╔══

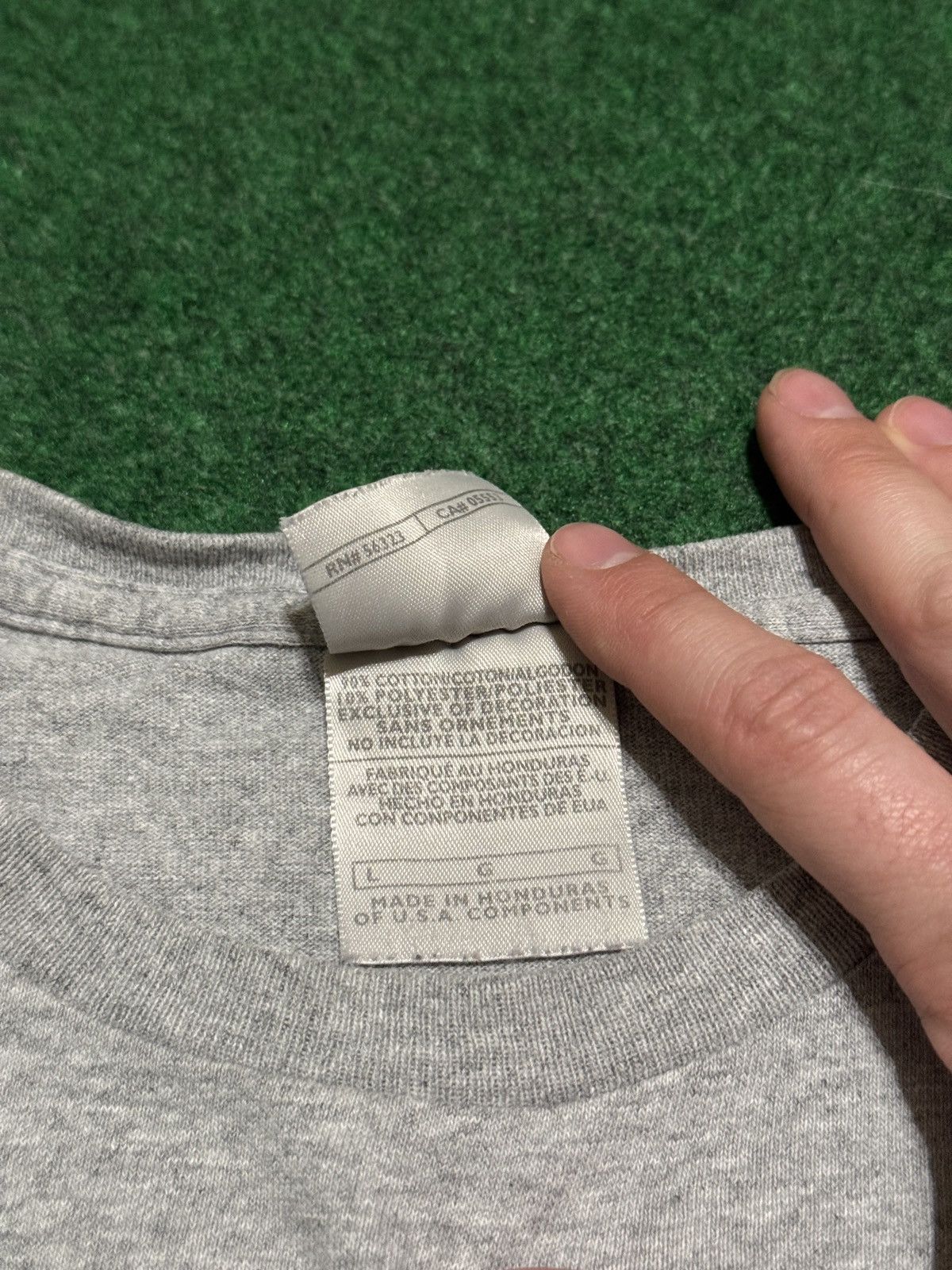 Nike Nike Y2K Gray Shirt Womens M/L 19x24 Gray Just Do It T Shirt Size US L / EU 52-54 / 3 - 4 Thumbnail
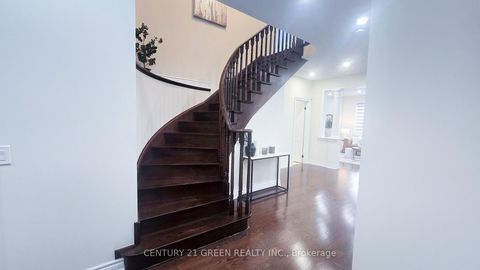 Photo 19 at 61 Magdalan Crescent, Jefferson, Richmond Hill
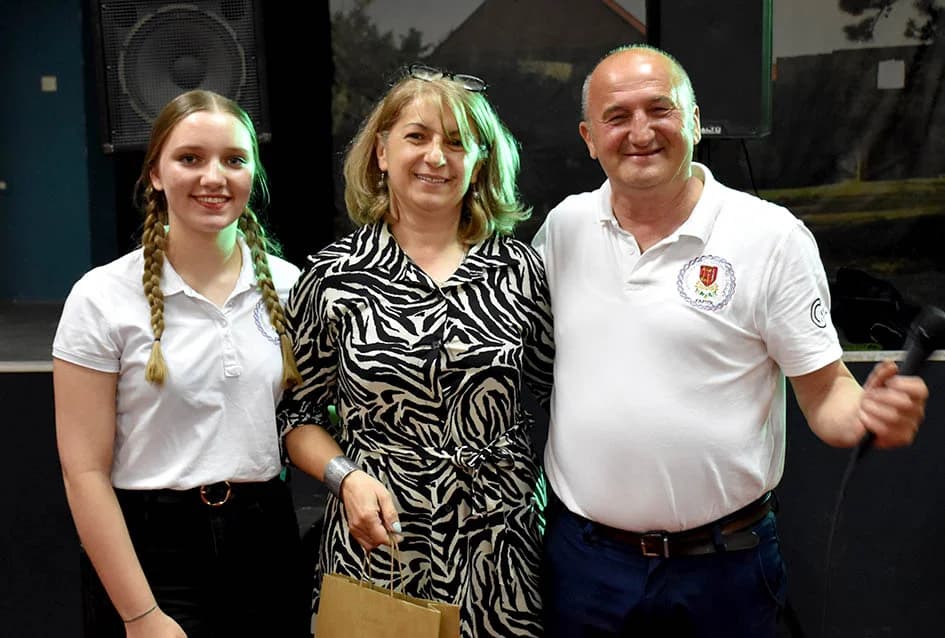 Pet folklornih i jedna pjevačka skupina okončale priredbu Tambura za dušu u Kaptolu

╚══

■ WHAT YOU HAVE TO DO: Set the listing down exactly, without its pictures.

■ RESPONSE:
 Nike Nike Y2K Gray Shirt Womens M/L 19x24 Gray Just Do It T Shirt Size US L / EU 52-54 / 3 - 4 Thumbnail
 Photo 19 at 61 Magdalan Crescent, Jefferson, Richmond Hill
 Pet folklornih i jedna pjevačka skupina okončale priredbu Tambura za dušu u Kaptolu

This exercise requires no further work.